The griot in me persisted as hours became days, days become weeks and weeks become month and month become years. I failed to calm the itch, this sting under my skin, that itch became a village voice, a voice of reason, a voice of the people .I learnt rhymes from yap yelping baboons, laughing hyenas and claps of thunder, all these sounds resonated with village drumbeats to form a rhythm, a rhythm that became a fever like a seizure, when I resurrected from the fever, the fever became words. I became a word slinger, a festival of words and a beat that resonated with songs of the village(panda!, pangu! , panda panda! pangu pangu! ,pangu!, pa pa!), sounds of the forests, the roar of violent rivers and the pounding drums.
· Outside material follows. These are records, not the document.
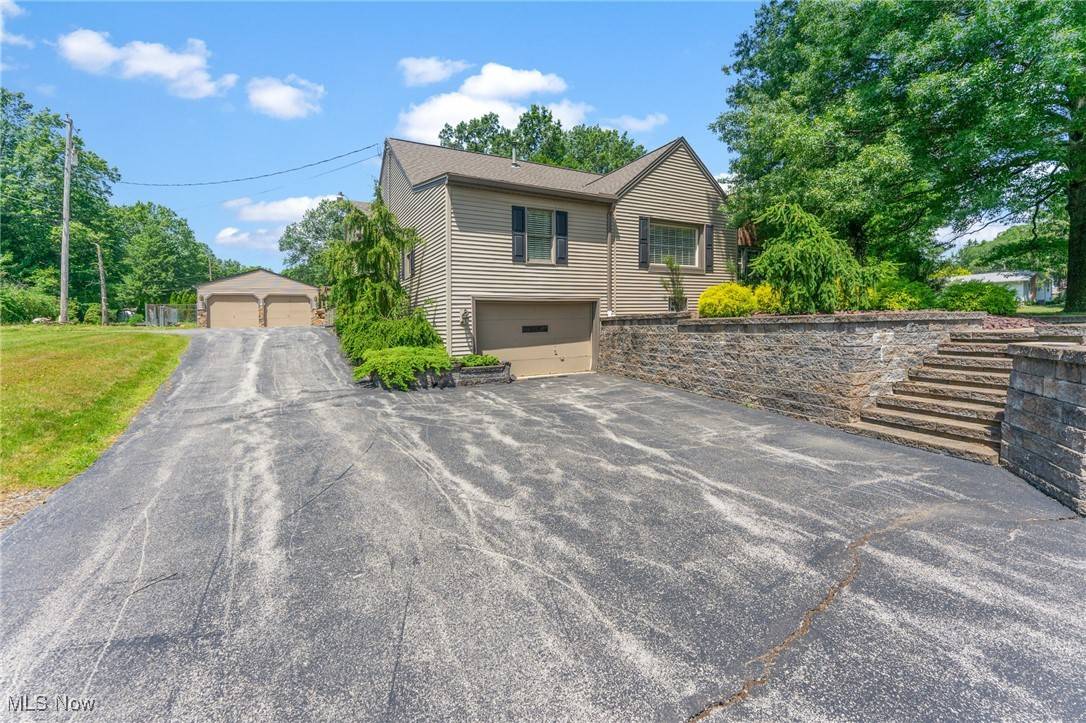 148 N Kimberly AVE N, Youngstown, OH 44515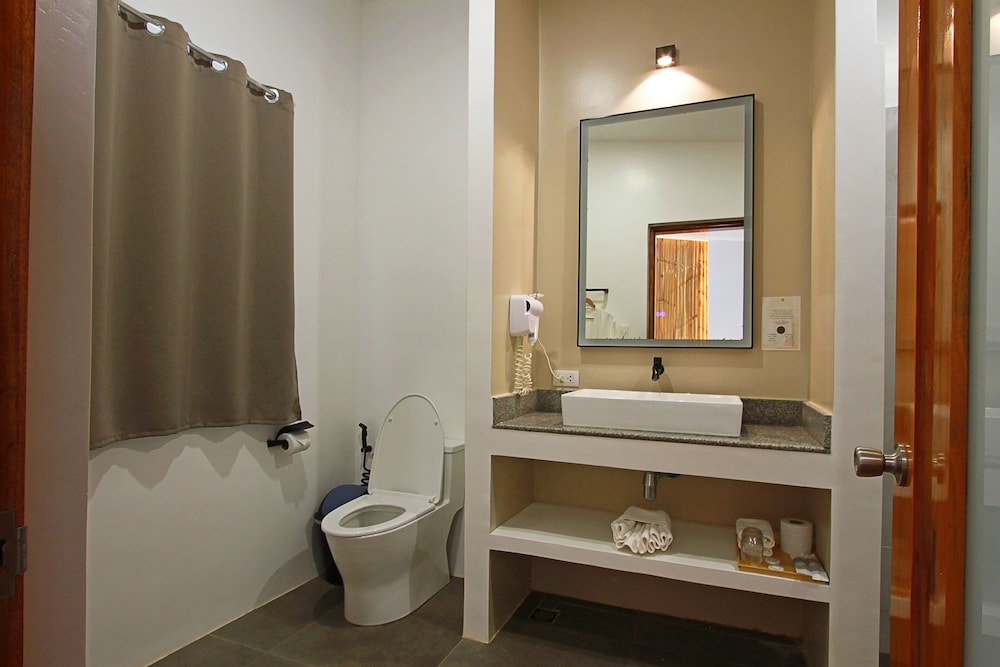 Deluxe Triple Room - Photo 24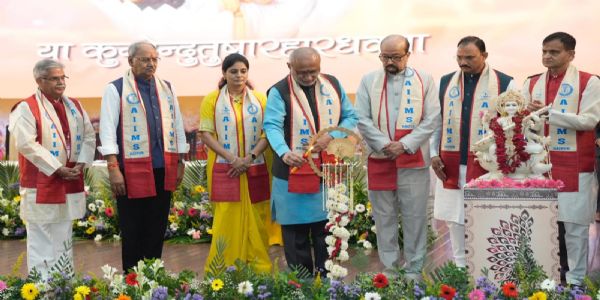 অগ্ৰগতি আৰু সম্ভাৱনাৰ নতুন দুৱাৰ দলিত ছত্তীশগড়ঃ উপ-ৰাষ্ট্ৰপতি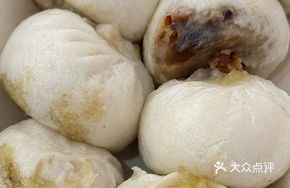 Tea Tree Mushroom Pork Steamed Bun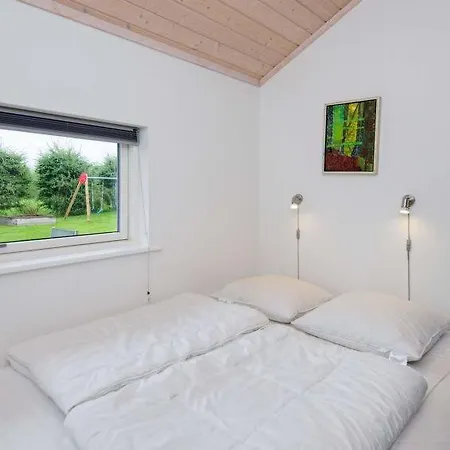 Sleeps 8 Wifi Holiday home Fjellerup Mark
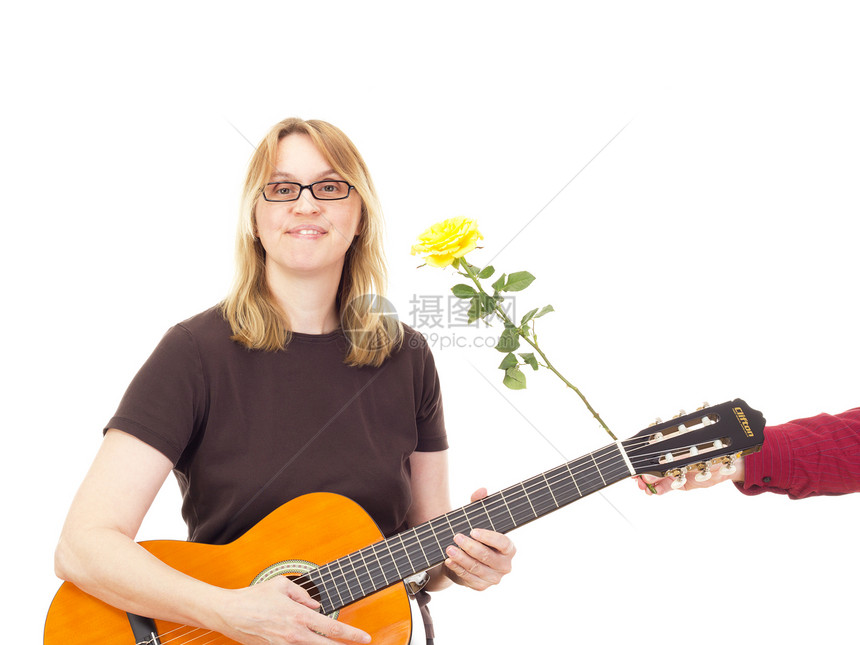 弹吉他的妇女岩石吉他金属生日乡村仪器乐器女士扇子玫瑰图片
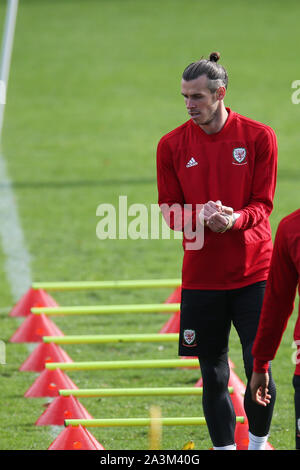 Cardiff, Großbritannien. 09 Okt, 2019. Gareth Bale von Wales bei der Wales Football Team Training an der Vale Resort Hensol, in der Nähe von Cardiff am Mittwoch, 9. Oktober 2019. Das Team bereiten sich auf ihre bevorstehende UEFA Euro 2020 quailfier entfernt gegen die Slowakei morgen. pic von Andrew Obstgarten/Alamy leben Nachrichten Stockfoto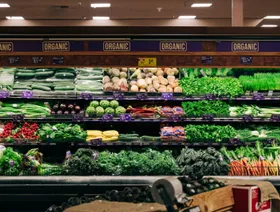 التضخم الأميركي يرتفع مع تمرير رسوم ترمب الجمركية للمستهلكين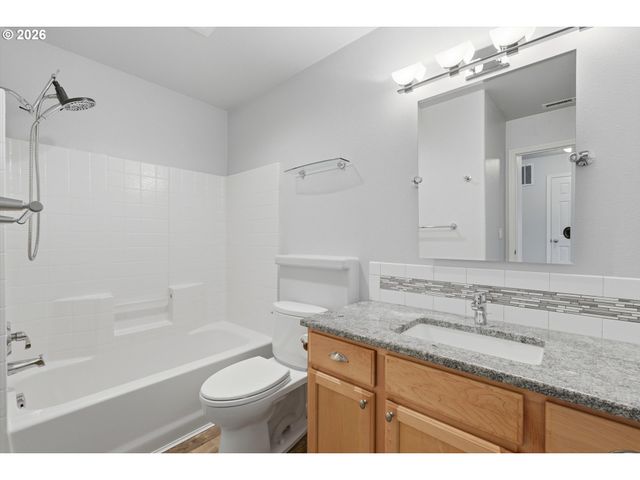 804 N 26TH Ave, Cornelius, OR 97113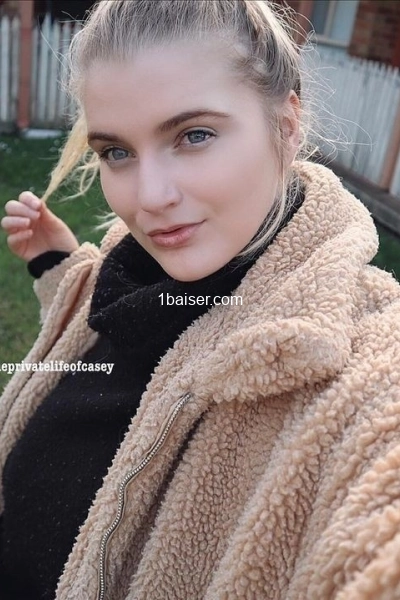 Lorena — Escort Versailles (1)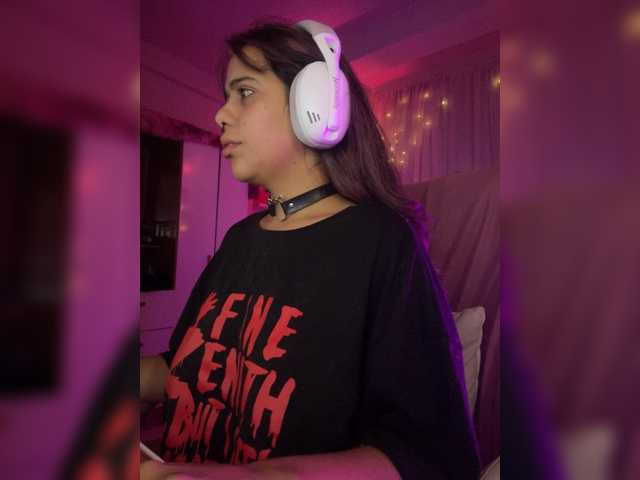 Anisahade29, en directo ahora en BongaCams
All these repented me into poetry, I became a village GRIOT, a revered orator inspired by the sound of the wind of the drumbeat. Hamutyineyi Chimombe of Zimbabwe( a Karanga lyricist/WRITER) and Wole Soyinka of Nigeria( a global poet/THESPIAN) initiated me and I became a spirit of verse . I cooked metaphors in the pots of my mind, I roasted imagery in the pans of my inspiration, I boiled assonance for in my dreams and snores. . I caressed pages with passion. I read everything that met the eye with profound zeal.
I fulfilled the dreams of my father, a culturist and traditional dancer, a self-styled orator; he told me that my great grandfather RATSAUKA was a talented poet and singer. At home we were taught to cuddle books than young clueless virgins .We learnt life the hard way. During rainy seasons, we planted our fields under the veil of early morning dawn until later in the when afternoons began to roast our threadbare skin. We got our food from the fields, we were taught to work hard to feed ourselves, and we carried that legacy until later years of our lives. The beat of days and the mass of nights (moon, shadows, sun, stars, stories and songs) shaped the imagery of my poetry. I liked trips to the pastures to heard cattle, eating wild fruits and chasing after wild insects. The earth would beautifully dress in new lemon green apparel. Our cows would feast on the rich greenness, their fat rich udders oozed with fresh milk; the dripping drops of milk quenched our dry throats in hot afternoons. The passion of stories grew in me like baobab. I baked life experiences into poems, stories, essays or opinions. The sun and drums push years and the village became history .I left the red hills of home , the fields , the village , mist , the dew and my people . I went to concrete jungle .The urban jungle introduced me to political history, slogan and more books. The urban media popularized my poetry, I became popular. I became both an artificial griot and a natural poet. I sing of Africa, I sing for my country and my people. The village griot born out of the sound of the wind of the village drum beat (panda, panda pangu, pangu panda pa!)